REQUIRED WORK. Here is the task for the records below: repeat exactly the lines from the one with "European Court's Political Power, The" to the one with "FEBI BILSTEIN Bremsscheibe", both included, and nothing else.

(Records from a dataset)
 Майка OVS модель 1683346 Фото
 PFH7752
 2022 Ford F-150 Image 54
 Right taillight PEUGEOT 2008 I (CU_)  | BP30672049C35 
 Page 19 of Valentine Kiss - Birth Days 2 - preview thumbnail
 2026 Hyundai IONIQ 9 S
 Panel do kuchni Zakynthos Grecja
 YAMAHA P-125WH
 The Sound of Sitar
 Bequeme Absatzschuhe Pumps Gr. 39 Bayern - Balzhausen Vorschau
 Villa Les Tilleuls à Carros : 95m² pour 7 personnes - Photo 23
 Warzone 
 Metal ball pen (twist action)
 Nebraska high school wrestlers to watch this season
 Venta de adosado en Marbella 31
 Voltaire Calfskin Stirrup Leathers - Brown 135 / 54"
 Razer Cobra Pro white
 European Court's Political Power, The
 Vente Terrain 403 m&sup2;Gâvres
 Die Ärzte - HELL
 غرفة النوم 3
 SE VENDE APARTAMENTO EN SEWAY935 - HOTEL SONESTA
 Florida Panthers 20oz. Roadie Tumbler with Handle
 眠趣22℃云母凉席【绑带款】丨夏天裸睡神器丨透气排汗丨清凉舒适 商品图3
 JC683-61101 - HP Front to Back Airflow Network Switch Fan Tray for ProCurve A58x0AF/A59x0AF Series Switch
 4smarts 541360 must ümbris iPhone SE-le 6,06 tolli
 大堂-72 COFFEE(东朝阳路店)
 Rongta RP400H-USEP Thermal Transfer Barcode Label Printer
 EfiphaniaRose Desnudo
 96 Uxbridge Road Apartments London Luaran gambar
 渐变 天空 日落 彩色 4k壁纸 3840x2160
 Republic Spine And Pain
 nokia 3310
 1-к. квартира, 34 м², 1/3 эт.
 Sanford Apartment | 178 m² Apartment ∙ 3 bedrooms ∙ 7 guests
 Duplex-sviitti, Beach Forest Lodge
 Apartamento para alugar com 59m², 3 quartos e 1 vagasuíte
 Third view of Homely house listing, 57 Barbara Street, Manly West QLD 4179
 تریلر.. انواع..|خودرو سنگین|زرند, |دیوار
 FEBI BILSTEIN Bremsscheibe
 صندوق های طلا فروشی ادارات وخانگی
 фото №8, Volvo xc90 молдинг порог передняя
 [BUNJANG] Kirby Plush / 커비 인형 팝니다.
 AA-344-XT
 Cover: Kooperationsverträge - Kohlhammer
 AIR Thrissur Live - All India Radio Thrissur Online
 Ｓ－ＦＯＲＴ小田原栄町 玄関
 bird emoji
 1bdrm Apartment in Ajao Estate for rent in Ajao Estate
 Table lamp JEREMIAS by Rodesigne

ANSWER TO THIS TASK.
 European Court's Political Power, The
 Vente Terrain 403 m&sup2;Gâvres
 Die Ärzte - HELL
 غرفة النوم 3
 SE VENDE APARTAMENTO EN SEWAY935 - HOTEL SONESTA
 Florida Panthers 20oz. Roadie Tumbler with Handle
 眠趣22℃云母凉席【绑带款】丨夏天裸睡神器丨透气排汗丨清凉舒适 商品图3
 JC683-61101 - HP Front to Back Airflow Network Switch Fan Tray for ProCurve A58x0AF/A59x0AF Series Switch
 4smarts 541360 must ümbris iPhone SE-le 6,06 tolli
 大堂-72 COFFEE(东朝阳路店)
 Rongta RP400H-USEP Thermal Transfer Barcode Label Printer
 EfiphaniaRose Desnudo
 96 Uxbridge Road Apartments London Luaran gambar
 渐变 天空 日落 彩色 4k壁纸 3840x2160
 Republic Spine And Pain
 nokia 3310
 1-к. квартира, 34 м², 1/3 эт.
 Sanford Apartment | 178 m² Apartment ∙ 3 bedrooms ∙ 7 guests
 Duplex-sviitti, Beach Forest Lodge
 Apartamento para alugar com 59m², 3 quartos e 1 vagasuíte
 Third view of Homely house listing, 57 Barbara Street, Manly West QLD 4179
 تریلر.. انواع..|خودرو سنگین|زرند, |دیوار
 FEBI BILSTEIN Bremsscheibe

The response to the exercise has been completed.